**WHAT THE EXERCISE ASKS**
Only certain lines below are wanted: those starting at the line containing "Lenovo Yoga Tab" and ending at the line containing "Villa Santos Sao", both included, each retyped exactly.

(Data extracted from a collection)
━━━━━━━━━━

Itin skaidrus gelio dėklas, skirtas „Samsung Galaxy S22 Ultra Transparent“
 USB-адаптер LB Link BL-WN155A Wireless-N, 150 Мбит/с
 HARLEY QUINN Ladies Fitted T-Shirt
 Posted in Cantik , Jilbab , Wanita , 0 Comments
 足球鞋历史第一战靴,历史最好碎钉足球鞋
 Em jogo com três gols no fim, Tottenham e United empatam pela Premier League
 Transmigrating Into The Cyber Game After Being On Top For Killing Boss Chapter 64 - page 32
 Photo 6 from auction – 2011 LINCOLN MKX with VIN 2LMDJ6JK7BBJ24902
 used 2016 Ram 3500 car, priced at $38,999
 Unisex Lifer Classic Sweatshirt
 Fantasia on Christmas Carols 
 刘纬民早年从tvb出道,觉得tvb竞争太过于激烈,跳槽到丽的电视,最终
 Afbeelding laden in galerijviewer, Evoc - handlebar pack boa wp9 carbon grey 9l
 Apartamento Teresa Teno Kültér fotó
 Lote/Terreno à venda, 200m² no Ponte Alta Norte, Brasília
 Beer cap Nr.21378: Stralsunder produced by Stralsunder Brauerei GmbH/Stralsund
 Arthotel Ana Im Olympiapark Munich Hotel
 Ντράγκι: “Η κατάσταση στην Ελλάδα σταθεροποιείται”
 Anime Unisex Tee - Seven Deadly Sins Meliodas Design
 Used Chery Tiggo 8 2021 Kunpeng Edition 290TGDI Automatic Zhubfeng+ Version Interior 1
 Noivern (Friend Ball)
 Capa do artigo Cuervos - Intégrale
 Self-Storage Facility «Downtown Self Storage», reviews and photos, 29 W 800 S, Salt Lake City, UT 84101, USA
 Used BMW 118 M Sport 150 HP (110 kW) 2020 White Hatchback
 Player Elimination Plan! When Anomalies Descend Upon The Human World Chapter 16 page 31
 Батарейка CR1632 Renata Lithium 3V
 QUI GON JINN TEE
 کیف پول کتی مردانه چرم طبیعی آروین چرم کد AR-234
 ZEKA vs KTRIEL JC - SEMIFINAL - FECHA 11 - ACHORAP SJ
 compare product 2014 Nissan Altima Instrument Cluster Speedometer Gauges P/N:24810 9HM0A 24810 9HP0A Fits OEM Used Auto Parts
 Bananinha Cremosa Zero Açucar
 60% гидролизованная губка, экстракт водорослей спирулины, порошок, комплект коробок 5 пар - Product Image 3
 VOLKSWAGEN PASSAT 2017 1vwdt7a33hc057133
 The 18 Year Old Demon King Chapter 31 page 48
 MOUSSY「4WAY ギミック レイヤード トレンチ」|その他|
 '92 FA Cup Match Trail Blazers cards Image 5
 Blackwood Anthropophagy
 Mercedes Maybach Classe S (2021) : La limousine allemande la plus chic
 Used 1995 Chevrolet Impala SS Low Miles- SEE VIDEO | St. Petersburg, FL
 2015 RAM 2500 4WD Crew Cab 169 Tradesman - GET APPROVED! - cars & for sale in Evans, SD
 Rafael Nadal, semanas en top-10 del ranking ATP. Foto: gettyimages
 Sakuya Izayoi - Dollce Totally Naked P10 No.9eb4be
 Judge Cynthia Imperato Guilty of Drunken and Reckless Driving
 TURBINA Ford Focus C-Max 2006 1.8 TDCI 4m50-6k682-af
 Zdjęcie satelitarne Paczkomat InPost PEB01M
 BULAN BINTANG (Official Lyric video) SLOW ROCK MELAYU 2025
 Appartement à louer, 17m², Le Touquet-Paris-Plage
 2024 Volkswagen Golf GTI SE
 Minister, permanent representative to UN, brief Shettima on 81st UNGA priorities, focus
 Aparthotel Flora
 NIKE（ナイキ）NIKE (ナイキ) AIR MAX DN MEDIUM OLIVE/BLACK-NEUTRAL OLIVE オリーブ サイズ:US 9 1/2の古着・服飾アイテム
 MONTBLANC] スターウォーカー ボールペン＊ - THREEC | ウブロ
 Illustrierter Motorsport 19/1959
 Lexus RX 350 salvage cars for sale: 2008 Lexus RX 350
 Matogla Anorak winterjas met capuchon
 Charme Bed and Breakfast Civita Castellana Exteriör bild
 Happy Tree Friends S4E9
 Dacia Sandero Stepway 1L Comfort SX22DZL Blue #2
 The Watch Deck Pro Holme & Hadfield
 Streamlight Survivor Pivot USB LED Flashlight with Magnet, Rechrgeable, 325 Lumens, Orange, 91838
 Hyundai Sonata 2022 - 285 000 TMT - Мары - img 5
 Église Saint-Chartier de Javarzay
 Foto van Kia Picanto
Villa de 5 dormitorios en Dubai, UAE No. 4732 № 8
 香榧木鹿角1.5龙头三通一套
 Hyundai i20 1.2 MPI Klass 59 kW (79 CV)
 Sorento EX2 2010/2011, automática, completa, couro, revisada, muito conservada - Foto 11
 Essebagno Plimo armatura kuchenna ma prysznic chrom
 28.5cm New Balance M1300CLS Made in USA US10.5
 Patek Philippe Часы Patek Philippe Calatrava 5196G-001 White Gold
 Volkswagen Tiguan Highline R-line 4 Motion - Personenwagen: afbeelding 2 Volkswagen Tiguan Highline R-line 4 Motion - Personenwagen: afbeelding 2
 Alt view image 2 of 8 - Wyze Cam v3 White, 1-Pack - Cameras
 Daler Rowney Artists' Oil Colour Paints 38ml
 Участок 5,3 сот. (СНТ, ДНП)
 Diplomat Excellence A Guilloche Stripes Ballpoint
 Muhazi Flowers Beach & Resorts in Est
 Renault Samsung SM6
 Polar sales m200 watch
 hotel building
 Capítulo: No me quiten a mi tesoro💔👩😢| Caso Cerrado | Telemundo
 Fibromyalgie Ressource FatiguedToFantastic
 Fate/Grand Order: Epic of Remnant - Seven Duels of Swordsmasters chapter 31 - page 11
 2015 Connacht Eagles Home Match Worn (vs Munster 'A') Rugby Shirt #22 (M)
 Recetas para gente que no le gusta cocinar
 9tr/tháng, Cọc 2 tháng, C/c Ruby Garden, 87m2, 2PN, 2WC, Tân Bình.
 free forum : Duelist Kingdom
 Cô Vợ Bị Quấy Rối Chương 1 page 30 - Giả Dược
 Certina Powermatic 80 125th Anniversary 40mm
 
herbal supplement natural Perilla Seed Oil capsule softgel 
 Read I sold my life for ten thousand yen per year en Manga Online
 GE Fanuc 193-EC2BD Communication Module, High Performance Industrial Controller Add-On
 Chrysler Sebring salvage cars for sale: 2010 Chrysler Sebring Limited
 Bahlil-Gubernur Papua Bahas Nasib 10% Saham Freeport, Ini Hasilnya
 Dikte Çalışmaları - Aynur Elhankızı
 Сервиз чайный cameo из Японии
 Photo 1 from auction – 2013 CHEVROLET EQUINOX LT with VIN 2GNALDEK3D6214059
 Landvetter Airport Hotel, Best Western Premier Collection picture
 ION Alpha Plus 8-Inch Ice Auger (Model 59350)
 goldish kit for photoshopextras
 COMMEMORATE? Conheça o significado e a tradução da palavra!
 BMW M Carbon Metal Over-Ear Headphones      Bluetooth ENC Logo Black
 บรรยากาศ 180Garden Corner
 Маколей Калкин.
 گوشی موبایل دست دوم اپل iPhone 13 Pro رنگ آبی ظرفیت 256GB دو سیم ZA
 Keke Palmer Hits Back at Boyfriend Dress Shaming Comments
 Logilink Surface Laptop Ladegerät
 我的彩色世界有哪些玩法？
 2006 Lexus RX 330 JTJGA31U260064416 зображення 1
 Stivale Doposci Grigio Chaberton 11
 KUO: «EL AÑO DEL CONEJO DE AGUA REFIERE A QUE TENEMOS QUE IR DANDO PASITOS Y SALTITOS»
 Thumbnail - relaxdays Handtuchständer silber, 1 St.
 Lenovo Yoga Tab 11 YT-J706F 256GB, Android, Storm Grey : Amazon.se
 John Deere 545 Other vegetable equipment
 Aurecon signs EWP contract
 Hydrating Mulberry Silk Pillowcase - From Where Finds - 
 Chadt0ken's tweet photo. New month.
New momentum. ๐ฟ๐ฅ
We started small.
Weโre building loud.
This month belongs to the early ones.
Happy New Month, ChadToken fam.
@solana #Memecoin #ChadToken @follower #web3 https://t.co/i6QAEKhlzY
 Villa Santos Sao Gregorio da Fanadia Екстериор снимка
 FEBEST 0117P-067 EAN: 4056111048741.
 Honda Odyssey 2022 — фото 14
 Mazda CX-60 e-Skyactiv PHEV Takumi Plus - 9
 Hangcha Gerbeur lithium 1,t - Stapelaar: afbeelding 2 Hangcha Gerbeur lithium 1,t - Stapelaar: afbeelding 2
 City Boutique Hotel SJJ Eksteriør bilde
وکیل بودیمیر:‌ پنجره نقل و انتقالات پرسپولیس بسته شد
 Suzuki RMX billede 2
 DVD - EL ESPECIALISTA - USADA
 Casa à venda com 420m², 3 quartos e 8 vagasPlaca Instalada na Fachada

━━━━━━━━━━

**ANSWER FOR THIS EXERCISE**
 Lenovo Yoga Tab 11 YT-J706F 256GB, Android, Storm Grey : Amazon.se
 John Deere 545 Other vegetable equipment
 Aurecon signs EWP contract
 Hydrating Mulberry Silk Pillowcase - From Where Finds - 
 Chadt0ken's tweet photo. New month.
New momentum. ๐ฟ๐ฅ
We started small.
Weโre building loud.
This month belongs to the early ones.
Happy New Month, ChadToken fam.
@solana #Memecoin #ChadToken @follower #web3 https://t.co/i6QAEKhlzY
 Villa Santos Sao Gregorio da Fanadia Екстериор снимка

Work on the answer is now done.